Pada bulan April lalu, media Spanyol mengungkapkan bahwa Manchester United tertarik pada Tchouameni sebagai pengganti Casemiro. Menurut Fichajes, manajer Michael Carrick menganggap gelandang berusia 24 tahun itu memiliki kualitas yang cukup untuk membangun kembali lini tengah.

Dengan kondisi fisik yang prima, kemampuan tekel yang mumpuni, dan pengalaman bermain di Bernabeu, Tchouameni dianggap sebagai kandidat yang cocok. Namun, keadaan dengan cepat menjadi kacau hanya dalam beberapa hari.

Pada tanggal 6 Mei, media Spanyol melaporkan bahwa konflik tegang telah terjadi antara Tchouameni dan Federico Valverde di ruang ganti Real Madrid. Pada tanggal 7 Mei, situasi tersebut meningkat menjadi perkelahian fisik, yang mengakibatkan Valverde harus dirawat di rumah sakit.

Pada saat yang sama, jurnalis Ben Jacobs mengonfirmasi bahwa MU telah menghubungi perwakilan Tchouameni. Informasi ini segera memicu kontroversi hebat di kalangan penggemar “Setan Merah”. Beberapa penggemar bercanda menyebut Tchouameni sebagai “pegulat WWE,” dan bahkan khawatir Bruno Fernandes akan “kehilangan gigi” jika gelandang Prancis itu tiba di Old Trafford.

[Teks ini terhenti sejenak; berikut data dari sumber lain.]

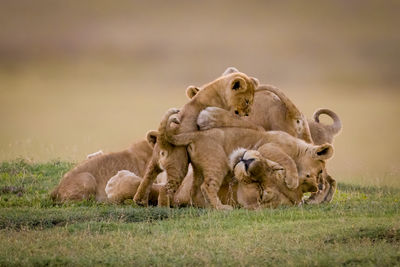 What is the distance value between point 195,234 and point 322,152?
2.63m

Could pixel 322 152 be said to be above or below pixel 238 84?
below

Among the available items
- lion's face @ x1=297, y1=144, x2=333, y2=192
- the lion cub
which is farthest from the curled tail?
the lion cub

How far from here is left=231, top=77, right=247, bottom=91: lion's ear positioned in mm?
10594

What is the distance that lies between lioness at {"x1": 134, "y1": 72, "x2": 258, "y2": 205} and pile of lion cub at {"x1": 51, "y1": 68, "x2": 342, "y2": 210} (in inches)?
0.5

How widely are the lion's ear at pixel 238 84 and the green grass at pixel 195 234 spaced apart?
5.84ft

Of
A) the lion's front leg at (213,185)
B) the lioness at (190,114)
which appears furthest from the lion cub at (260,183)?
the lioness at (190,114)

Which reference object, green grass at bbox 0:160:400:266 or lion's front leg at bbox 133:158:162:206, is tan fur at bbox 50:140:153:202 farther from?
lion's front leg at bbox 133:158:162:206

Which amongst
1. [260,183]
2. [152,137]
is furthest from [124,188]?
[260,183]

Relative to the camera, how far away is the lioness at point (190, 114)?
396 inches

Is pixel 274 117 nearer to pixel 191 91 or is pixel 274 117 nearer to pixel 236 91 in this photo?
pixel 236 91

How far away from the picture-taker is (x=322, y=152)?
1038cm

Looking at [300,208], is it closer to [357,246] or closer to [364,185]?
[357,246]

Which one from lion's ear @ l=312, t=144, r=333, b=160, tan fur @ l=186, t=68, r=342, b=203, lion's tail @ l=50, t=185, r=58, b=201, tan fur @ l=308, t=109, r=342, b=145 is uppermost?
tan fur @ l=186, t=68, r=342, b=203

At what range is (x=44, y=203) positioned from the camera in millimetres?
10758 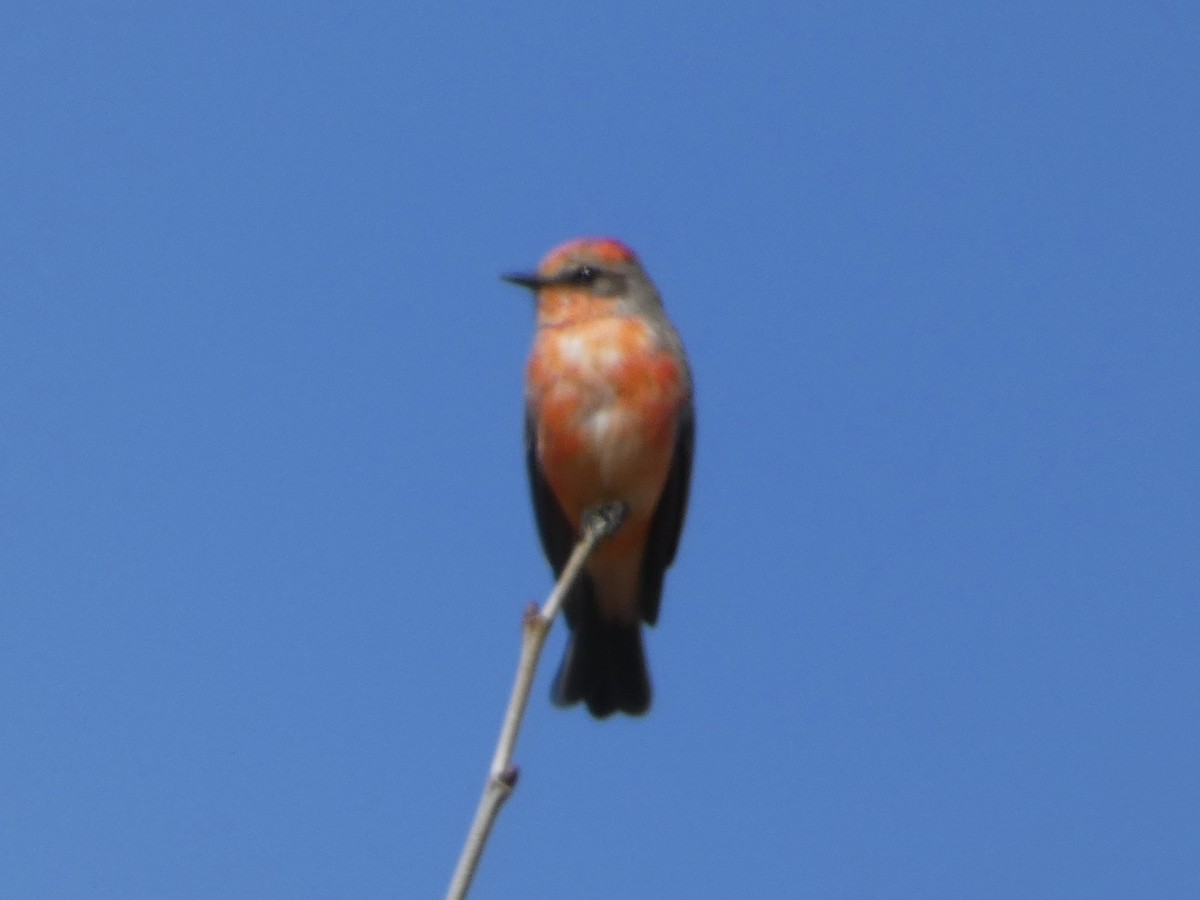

Sementara itu, banyak pihak lain yang sangat menentang kemungkinan MU merekrut pemain yang baru saja dituduh melakukan penyerangan terhadap rekan satu timnya. “Mengapa mendatangkan pemain yang berkelahi di ruang ganti?”, tulis seorang komentator. Yang lain berpendapat bahwa MU telah bertahun-tahun menstabilkan urusan internalnya dan seharusnya tidak menambah masalah ke dalam tim.

Namun, sebagian orang percaya bahwa Tchouameni hanya sangat ingin meninggalkan Real Madrid, terutama mengingat gejolak signifikan yang dialami klub setelah musim yang mengecewakan di semua kompetisi.